- **EXERCISE OBJECTIVE**:
What you return must match the data exactly, line for line.

☆ ☆ ☆

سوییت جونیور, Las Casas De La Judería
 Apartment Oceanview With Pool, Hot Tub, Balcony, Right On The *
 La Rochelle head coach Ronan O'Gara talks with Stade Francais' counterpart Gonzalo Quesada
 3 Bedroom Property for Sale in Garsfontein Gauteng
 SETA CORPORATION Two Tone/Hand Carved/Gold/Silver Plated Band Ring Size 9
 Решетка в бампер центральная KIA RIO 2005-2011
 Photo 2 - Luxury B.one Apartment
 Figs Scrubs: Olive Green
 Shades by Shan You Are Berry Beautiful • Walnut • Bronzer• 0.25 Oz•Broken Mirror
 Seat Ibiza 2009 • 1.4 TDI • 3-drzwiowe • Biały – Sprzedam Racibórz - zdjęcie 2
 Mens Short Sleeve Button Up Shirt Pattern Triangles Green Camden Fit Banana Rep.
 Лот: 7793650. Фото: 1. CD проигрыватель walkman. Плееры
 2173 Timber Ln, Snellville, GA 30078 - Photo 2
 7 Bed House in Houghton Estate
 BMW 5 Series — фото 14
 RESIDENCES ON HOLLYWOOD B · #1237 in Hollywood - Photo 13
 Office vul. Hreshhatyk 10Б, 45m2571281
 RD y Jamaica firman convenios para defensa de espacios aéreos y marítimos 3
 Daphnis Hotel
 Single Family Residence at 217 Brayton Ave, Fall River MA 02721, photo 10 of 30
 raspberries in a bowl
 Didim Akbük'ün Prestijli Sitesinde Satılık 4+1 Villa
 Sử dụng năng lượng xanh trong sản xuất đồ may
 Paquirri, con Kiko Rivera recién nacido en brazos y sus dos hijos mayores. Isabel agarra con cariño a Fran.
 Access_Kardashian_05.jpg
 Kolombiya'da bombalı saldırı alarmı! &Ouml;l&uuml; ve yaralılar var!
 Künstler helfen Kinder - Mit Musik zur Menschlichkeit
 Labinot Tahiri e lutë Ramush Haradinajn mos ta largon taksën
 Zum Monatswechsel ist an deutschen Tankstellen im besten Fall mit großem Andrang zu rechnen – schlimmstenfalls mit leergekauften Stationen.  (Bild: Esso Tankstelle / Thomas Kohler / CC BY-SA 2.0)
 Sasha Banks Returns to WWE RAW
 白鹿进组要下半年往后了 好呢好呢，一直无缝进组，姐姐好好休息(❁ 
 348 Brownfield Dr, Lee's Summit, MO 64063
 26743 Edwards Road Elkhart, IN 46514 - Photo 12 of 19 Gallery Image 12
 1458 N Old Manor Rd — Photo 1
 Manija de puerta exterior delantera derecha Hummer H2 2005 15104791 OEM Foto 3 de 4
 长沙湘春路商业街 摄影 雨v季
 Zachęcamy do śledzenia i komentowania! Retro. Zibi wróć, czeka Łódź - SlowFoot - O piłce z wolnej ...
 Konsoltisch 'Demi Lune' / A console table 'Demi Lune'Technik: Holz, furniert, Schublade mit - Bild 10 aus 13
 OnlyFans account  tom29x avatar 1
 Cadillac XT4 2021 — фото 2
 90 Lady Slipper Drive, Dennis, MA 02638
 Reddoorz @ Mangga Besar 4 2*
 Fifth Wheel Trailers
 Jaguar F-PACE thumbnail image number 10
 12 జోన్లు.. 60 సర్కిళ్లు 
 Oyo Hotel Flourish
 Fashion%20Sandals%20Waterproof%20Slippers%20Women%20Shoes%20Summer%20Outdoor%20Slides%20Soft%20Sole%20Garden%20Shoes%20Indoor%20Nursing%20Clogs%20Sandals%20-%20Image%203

☆ ☆ ☆

- **SOLUTION**:
سوییت جونیور, Las Casas De La Judería
 Apartment Oceanview With Pool, Hot Tub, Balcony, Right On The *
 La Rochelle head coach Ronan O'Gara talks with Stade Francais' counterpart Gonzalo Quesada
 3 Bedroom Property for Sale in Garsfontein Gauteng
 SETA CORPORATION Two Tone/Hand Carved/Gold/Silver Plated Band Ring Size 9
 Решетка в бампер центральная KIA RIO 2005-2011
 Photo 2 - Luxury B.one Apartment
 Figs Scrubs: Olive Green
 Shades by Shan You Are Berry Beautiful • Walnut • Bronzer• 0.25 Oz•Broken Mirror
 Seat Ibiza 2009 • 1.4 TDI • 3-drzwiowe • Biały – Sprzedam Racibórz - zdjęcie 2
 Mens Short Sleeve Button Up Shirt Pattern Triangles Green Camden Fit Banana Rep.
 Лот: 7793650. Фото: 1. CD проигрыватель walkman. Плееры
 2173 Timber Ln, Snellville, GA 30078 - Photo 2
 7 Bed House in Houghton Estate
 BMW 5 Series — фото 14
 RESIDENCES ON HOLLYWOOD B · #1237 in Hollywood - Photo 13
 Office vul. Hreshhatyk 10Б, 45m2571281
 RD y Jamaica firman convenios para defensa de espacios aéreos y marítimos 3
 Daphnis Hotel
 Single Family Residence at 217 Brayton Ave, Fall River MA 02721, photo 10 of 30
 raspberries in a bowl
 Didim Akbük'ün Prestijli Sitesinde Satılık 4+1 Villa
 Sử dụng năng lượng xanh trong sản xuất đồ may
 Paquirri, con Kiko Rivera recién nacido en brazos y sus dos hijos mayores. Isabel agarra con cariño a Fran.
 Access_Kardashian_05.jpg
 Kolombiya'da bombalı saldırı alarmı! &Ouml;l&uuml; ve yaralılar var!
 Künstler helfen Kinder - Mit Musik zur Menschlichkeit
 Labinot Tahiri e lutë Ramush Haradinajn mos ta largon taksën
 Zum Monatswechsel ist an deutschen Tankstellen im besten Fall mit großem Andrang zu rechnen – schlimmstenfalls mit leergekauften Stationen.  (Bild: Esso Tankstelle / Thomas Kohler / CC BY-SA 2.0)
 Sasha Banks Returns to WWE RAW
 白鹿进组要下半年往后了 好呢好呢，一直无缝进组，姐姐好好休息(❁ 
 348 Brownfield Dr, Lee's Summit, MO 64063
 26743 Edwards Road Elkhart, IN 46514 - Photo 12 of 19 Gallery Image 12
 1458 N Old Manor Rd — Photo 1
 Manija de puerta exterior delantera derecha Hummer H2 2005 15104791 OEM Foto 3 de 4
 长沙湘春路商业街 摄影 雨v季
 Zachęcamy do śledzenia i komentowania! Retro. Zibi wróć, czeka Łódź - SlowFoot - O piłce z wolnej ...
 Konsoltisch 'Demi Lune' / A console table 'Demi Lune'Technik: Holz, furniert, Schublade mit - Bild 10 aus 13
 OnlyFans account  tom29x avatar 1
 Cadillac XT4 2021 — фото 2
 90 Lady Slipper Drive, Dennis, MA 02638
 Reddoorz @ Mangga Besar 4 2*
 Fifth Wheel Trailers
 Jaguar F-PACE thumbnail image number 10
 12 జోన్లు.. 60 సర్కిళ్లు 
 Oyo Hotel Flourish
 Fashion%20Sandals%20Waterproof%20Slippers%20Women%20Shoes%20Summer%20Outdoor%20Slides%20Soft%20Sole%20Garden%20Shoes%20Indoor%20Nursing%20Clogs%20Sandals%20-%20Image%203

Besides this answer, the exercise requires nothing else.